Although not ideal to attempt to grow anything other than moss this way, terrariums and aeriums are a popular way to grow succulents, and this is where charcoal fits in.
This product is meant to add to drainage, remove or lower carbon dioxide, increase oxygen flow, and better soil quality.
If your planter or container is without a drain hole, charcoal can help keep your plants happy for a lot longer.
One type of fertilizer that is popular is slow release fertilizer. It's used a lot in commercial greenhouses and nurseries because it can be applied to the top of the pot as a top dressing, or mixed right into the soil - sounds easy, right?
I don't recommend using this handy and economical feeding system for succulents in a home situation, because it tends to keep releasing, long after you would prefer the plant to start going dormant, making it unlikely to overwinter properly.
If you insist on using it, add a tiny amount on the top of the soil, then remove it in the late summer to allow the plant to go dormant.
However, for a great alternative, use worm castings for a slow release fertilizer. They're much more gentle on the plant delicate roots, and can last most of the summer.
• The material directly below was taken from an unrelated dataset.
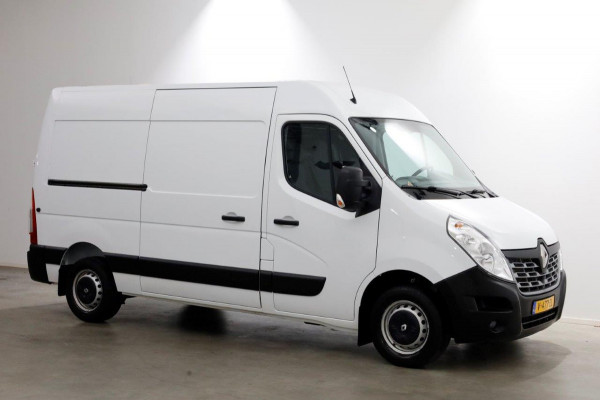 Renault Master T35 2.3 dCi 170pk E6 Automaat L2H2 Airco/Navi/Camera 08-2019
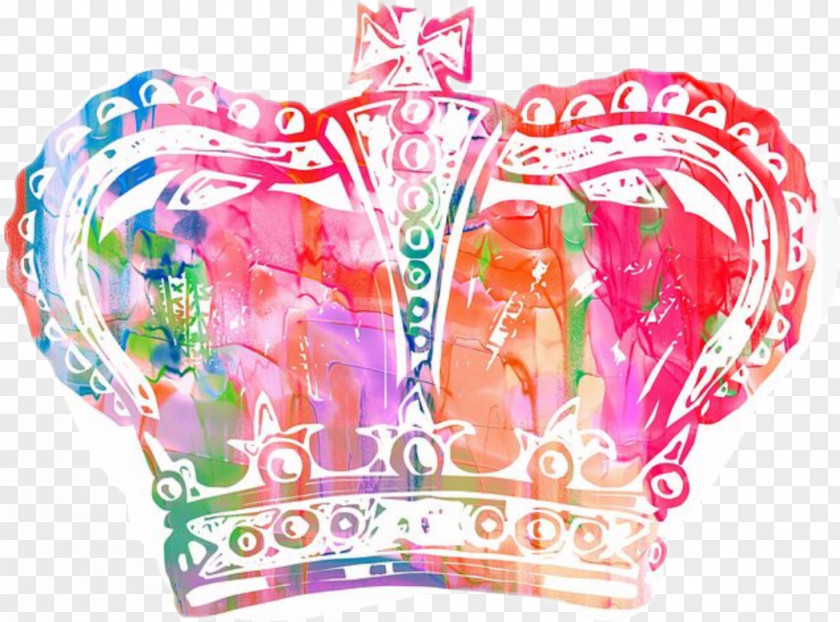 Crown Watercolor Painting Image Stock.xchng Photograph PNG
Do the same thing commercial growers do; sprinkle a teaspoon of the dry castings on the top of the soil, close to the plant.
Or mix it into the soil when you go to repot an overgrown plant.
Or make it into compost tea.
Stay away from fish fertilizer inside your home.
The very smell of this will drive you outdoors to escape it, and the plants may do well for a while, but it's just too strong and can harm the roots of many succulents.
Keep it where it belongs; in the vegetable garden.
This resource for finding the right nutrient source for your succulent plants will be revamped as I test and trial other systems and products.